## Exercise goal
Begin at the line below that has "Part of the". Stop after the line that has "a grape vine weaves along the wall", repeating each line exactly and leaving out the pictures.

## Data supplied
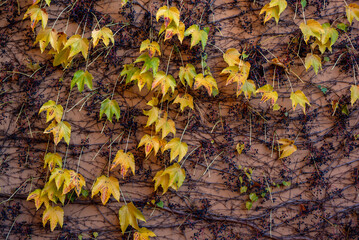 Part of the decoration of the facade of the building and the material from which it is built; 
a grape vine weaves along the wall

--

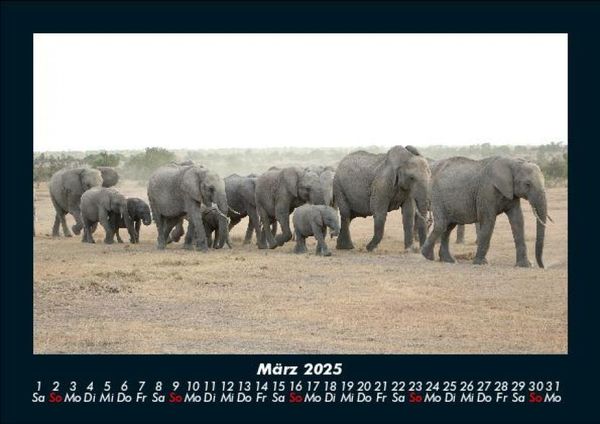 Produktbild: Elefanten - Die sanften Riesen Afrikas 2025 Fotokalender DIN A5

## Response to the exercise
 Part of the decoration of the facade of the building and the material from which it is built; 
a grape vine weaves along the wall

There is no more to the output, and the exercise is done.